Pakistan’s economy faces potential challenges if global oil prices reach $130 per barrel due to escalating tensions in the Middle East. Recent concerns arise as crude prices surpassed $110 per barrel following hostilities involving the United States, Israel, and Iran, raising fears of disruptions to oil shipments through the vital Strait of Hormuz. Analysts warn that sustained volatility could lead to increased fuel costs in Pakistan, a country heavily reliant on energy imports.
The recent 20% hike in petrol and diesel prices in Pakistan was attributed to rising global oil prices. The country’s central bank has cautioned that inflation may exceed 7% for the fiscal year ending in June. Karachi-based advisory firm Tola Associates projects that if global crude prices hit $130 per barrel, petrol prices in Pakistan could rise to Rs 392 per litre, potentially driving overall inflation up by 7.11%.
Pakistan’s significant dependence on imported energy exposes it to global price fluctuations. Data reveals that the country imported petroleum products worth $16 billion last year, constituting a substantial portion of its $58.4 billion import bill. The impact of higher global energy prices is already evident in retail markets, particularly in liquefied petroleum gas (LPG) prices, which have surged from around Rs 310 to Rs 350 per kilogram in Karachi amid escalating tensions.
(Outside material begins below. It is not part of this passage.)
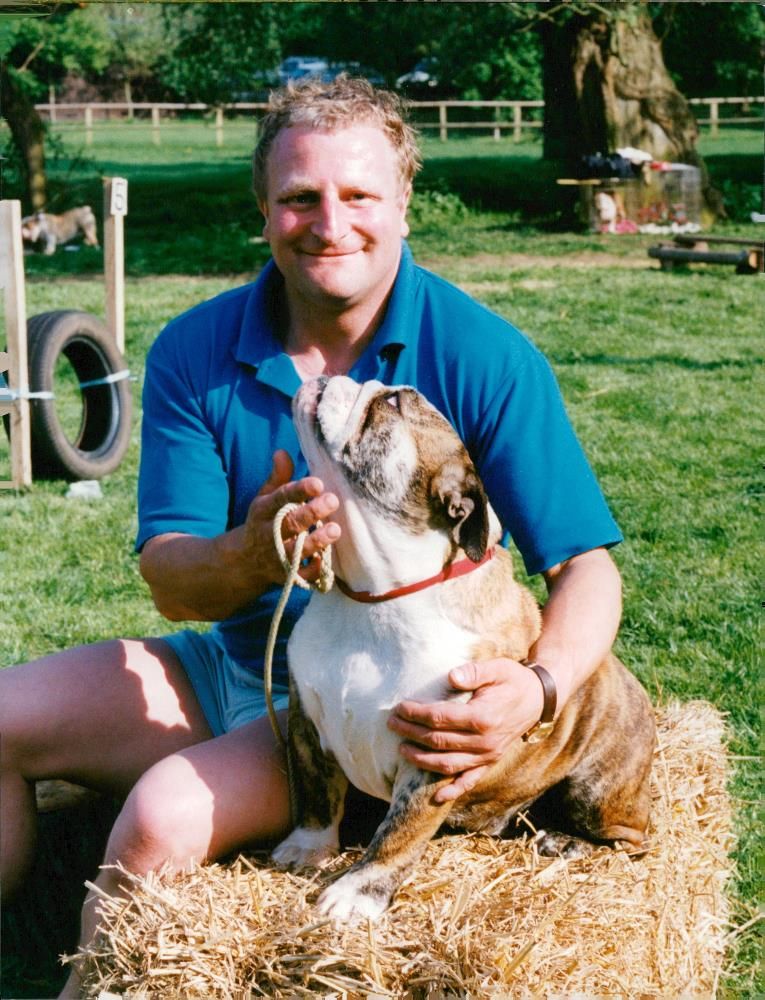 Bulldog Dog breed,Alan Nicholson. - Vintage Photograph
Despite the price hikes, industry officials assure that LPG supply remains sufficient. Oil Companies Advisory Council representatives report the arrival of multiple LPG cargoes, each carrying over 20,000 tonnes, at Port Qasim, with more shipments expected before the Eid-ul-Fitr holiday. Economists emphasize that Pakistan’s reliance on imported fuel makes it susceptible to rapid domestic inflation pressures during geopolitical crises, affecting transportation and food costs.